И вдруг… вдруг тишину прорезает отчаянный крик старухи:
— Гицэ… Гицэ горит в доме!
Почтенный старик почему-то продолжает стоять как изваяние, а женщина трясется и плачет навзрыд:
— Гицэ… Гицэ сгорит заживо…
Мужчина осторожно кладет руку ей на голову, с которой слетела шляпа.
— Успокойся же! Ничего уже нельзя сделать!
— Ты что, с ума сошел? Он же сгорит заживо!

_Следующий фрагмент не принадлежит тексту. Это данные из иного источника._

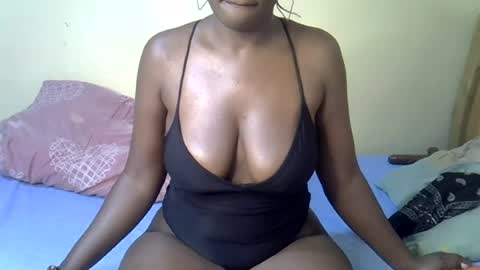 ebonyfatale online show from June 29, 11:17 pm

— Если он сам не покинул горящий дом, никто уже не сможет туда войти: дом обрушится с минуты на минуту.
Старушка, смирившись, прячет голову на груди у мужа и всхлипывает:
— Гицэ… Зола и пепел… Гицэ, мальчик…
Сколько людей, столько и мнений. В одном только все единодушны: ничего уже сделать нельзя. Но должны же подъехать пожарники. Пожарники — другое дело. У них защитные костюмы, водяные пушки. Пока суд да дело, стоим и смотрим.
— Может, вон тот солдат…
— Разве солдат учат проходить через огонь?
— Конечно, дорогая. Всему учат. Это же армия… Солдат может все. Разве вы не видели, как смело действовали солдаты во время наводнения? Видели хотя бы по телевидению?
— Гицэ… Глаза твои… Глаза твои красивые… Они лопнут от этого жара. Гицэ…
— Ну перестань, будь умницей… Ты разозлишь меня. Видишь, я уже сержусь.
— Гицэ, маленький…
Я опрокидываю на себя несколько ведер воды, которые стоят рядом: видимо, их принесли люди с окраины. Натягиваю пилотку на уши и на затылок, срываю у какой-то девушки легкий шарфик с шеи, смачиваю его водой и закрываю им лицо.
— Где Гицэ, мадам?
— В гостиной, на ковре… Дверь в центре… Первая комната…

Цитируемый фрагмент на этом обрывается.